Image Source: Dan (2020)
- Open Source Damage Detection in Ukraine
Topography data (likely from the SAR satellite sensor) was used by Ollie to identify variation before and after an event, allowing the quantification of building height change. This can be overlaid with OSM (Open Street Map) data to allow the prediction of the number of residents displaced by the distraction during the conflict, in addition to starting to identify where resources should be allocated best to rebuild Ukraine’s infrastructure.
1.3 Reflection
The use of passive remotely sensed data appears to have the significant flaw of being obstructed by poor weather conditions with cloud cover, in addition to the limited spatial resolution. Both of these factors would mean that the analysis of small-scale temporal and spatial change could prove inaccurate or unfeasible. However, if the limitations are considered before conducting scientific research the methodology can provide valuable insights for academics, policymakers and the wider group of stakeholders.
Surely this limitation with atmospheric interference leads to seasonal changes in the number of images available for analysis, as during the winter months data will be unavailable or inaccurate.
Future Uses: I would be interested in making use of remote sensing data to further develop research I have done in the past. For my undergraduate dissertation, I examined the spatial and temporal effects the implementation of the 2019 Ultra Low Emission Zone (ULEZ) had on air pollution concentration.

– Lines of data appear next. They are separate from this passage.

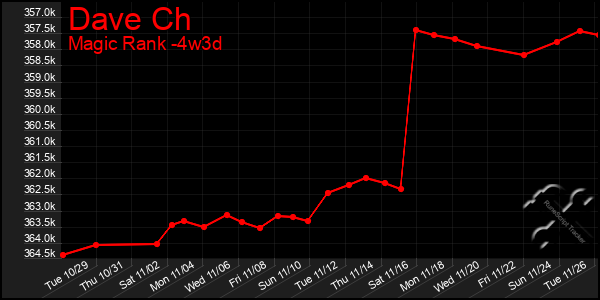 Last 31 Days Graph of Dave Ch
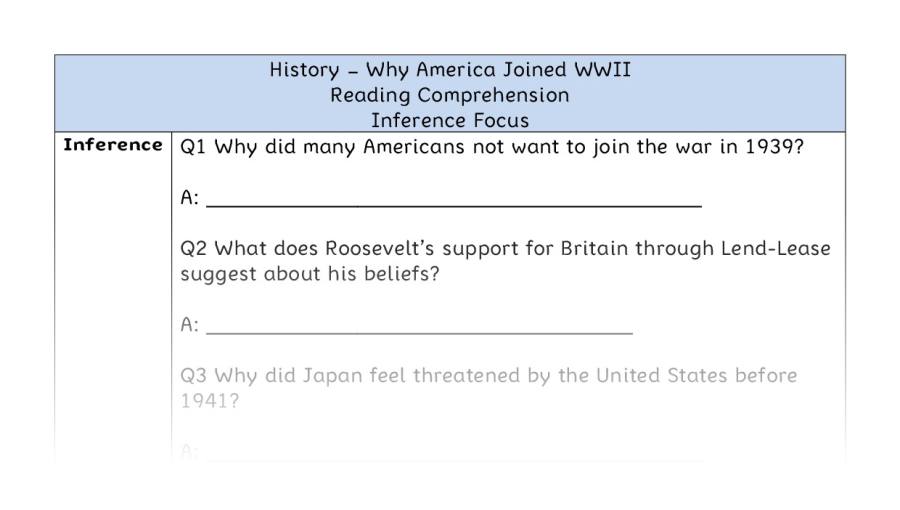 Why America Joined WWII - Reading Comprehension - Inference Focus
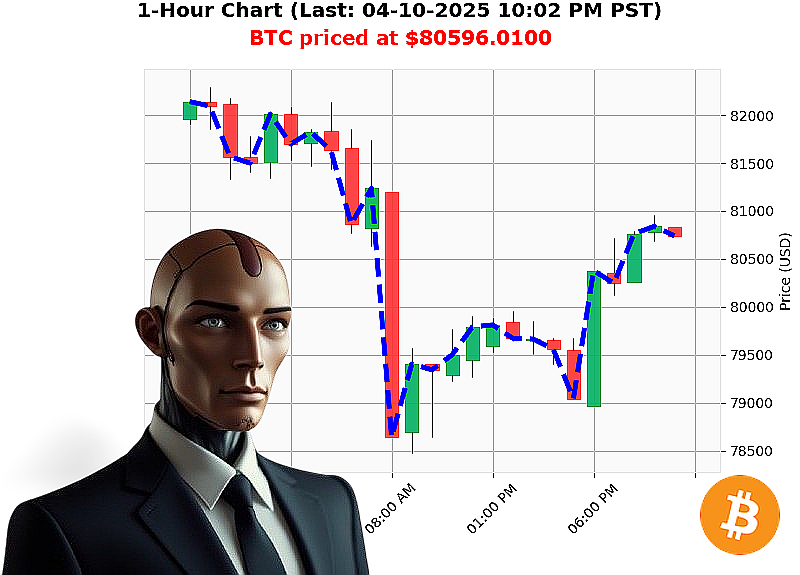 Auctron Chart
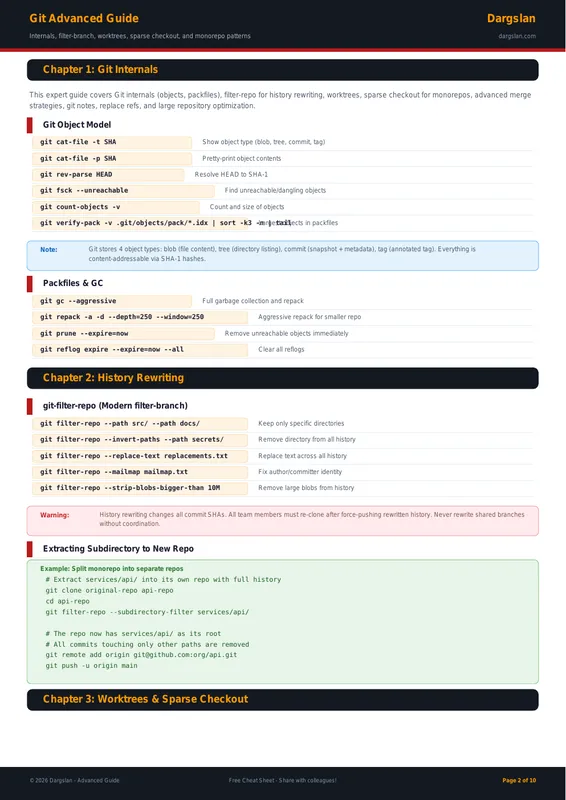 Git Advanced Guide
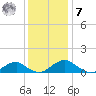 Riverside tide chart for Wednesday, December 7, 2022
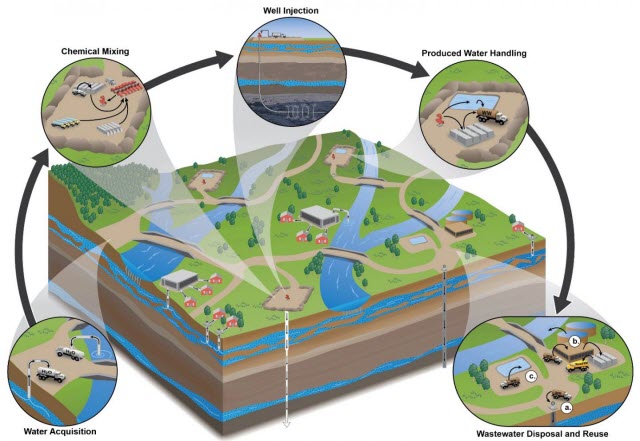 hydraulic fracturing (fracking) water cycle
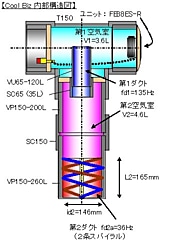 090425_CoolBiz内部構造図.jpg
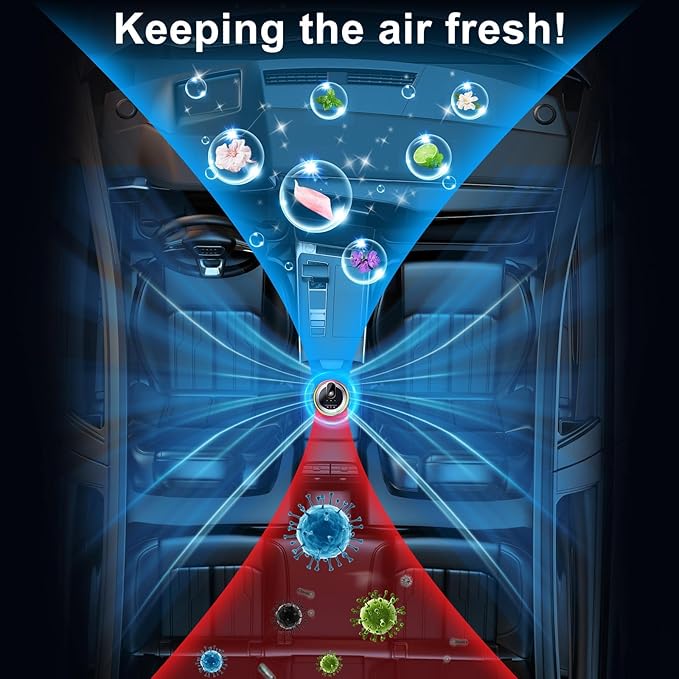 Amor Lyris Car Air Freshener Refill 3.5OZ/100ml Bottle, CO01/Dedicated Perfume Long Lasting Air Fresheners 6 Months, Car Diffuser Essential Oil Made of Natural Plant Extracts, Rose
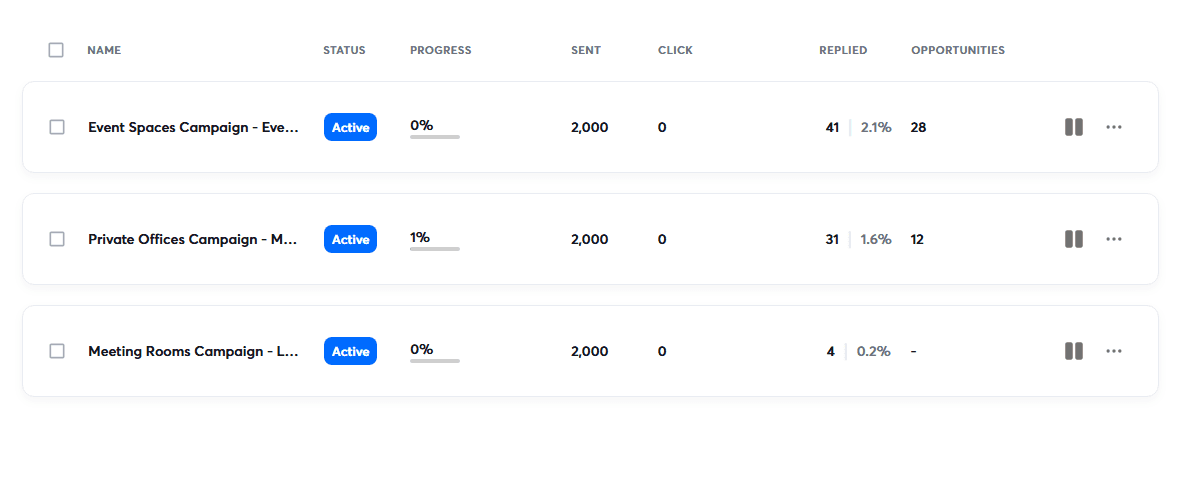 Brooklyn Commons results dashboard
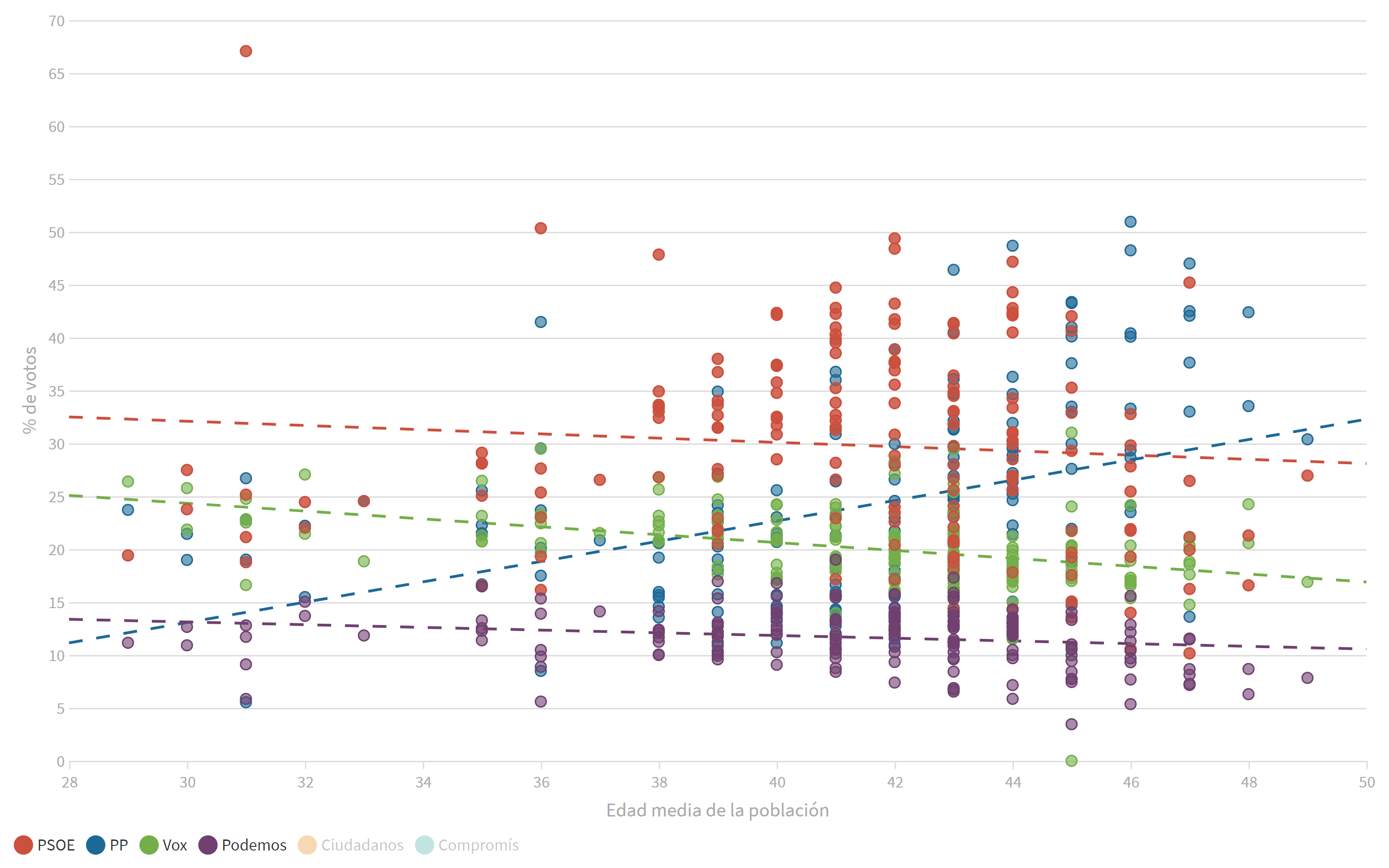 Solo el PP mejora con la edad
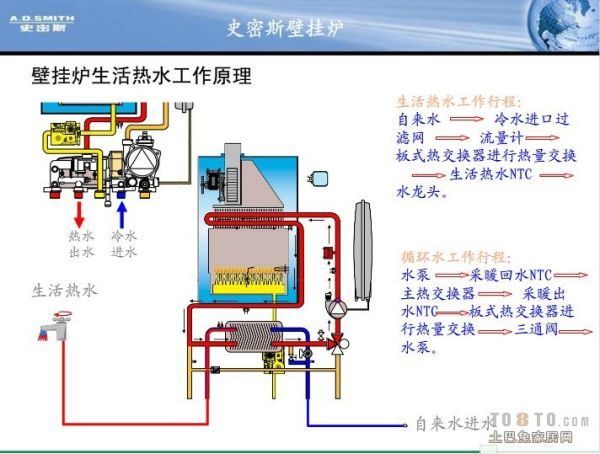 半反半透屏幕的基本原理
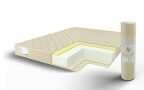 Матрас Comfort Line Memory-Latex Eco Roll Slim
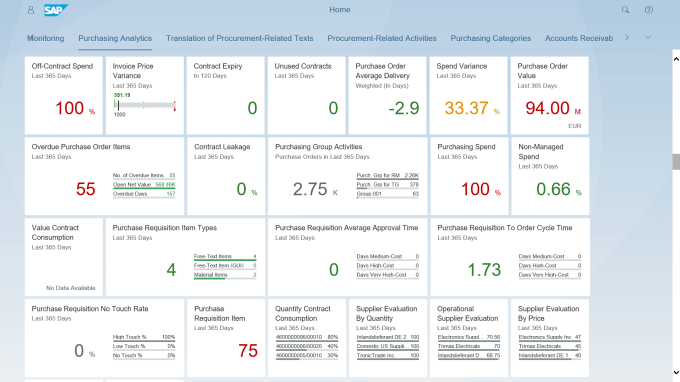 Procurement data in SAP cloud product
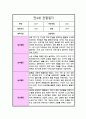 [관찰일지] 만 4세 1년 관찰일지 10회 일상생활 놀이활동 및 총평 8페이지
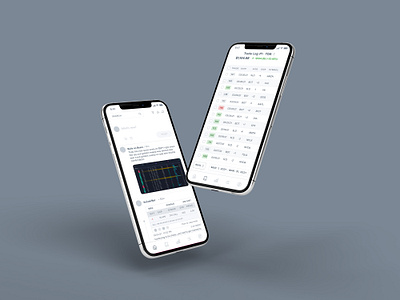 Strike - Trading journal mobile app mock up product design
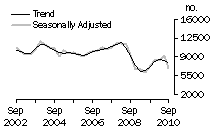 Graph: Dwelling unit commencements, Qld.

This made use of London’s extensive network of research-grade pollution monitors. This methodology was limited by the need to ‘interpolate’ between the values to carry out a spatial analysis. This limitation would be resolved through the use of Sentinel 5P, which can monitor NO2. This area of research is currently primarily using this outdated / traditional approach to pollution monitoring, which don’t give the suitable spatial resolution needed to answer the important questions related to policy evaluation.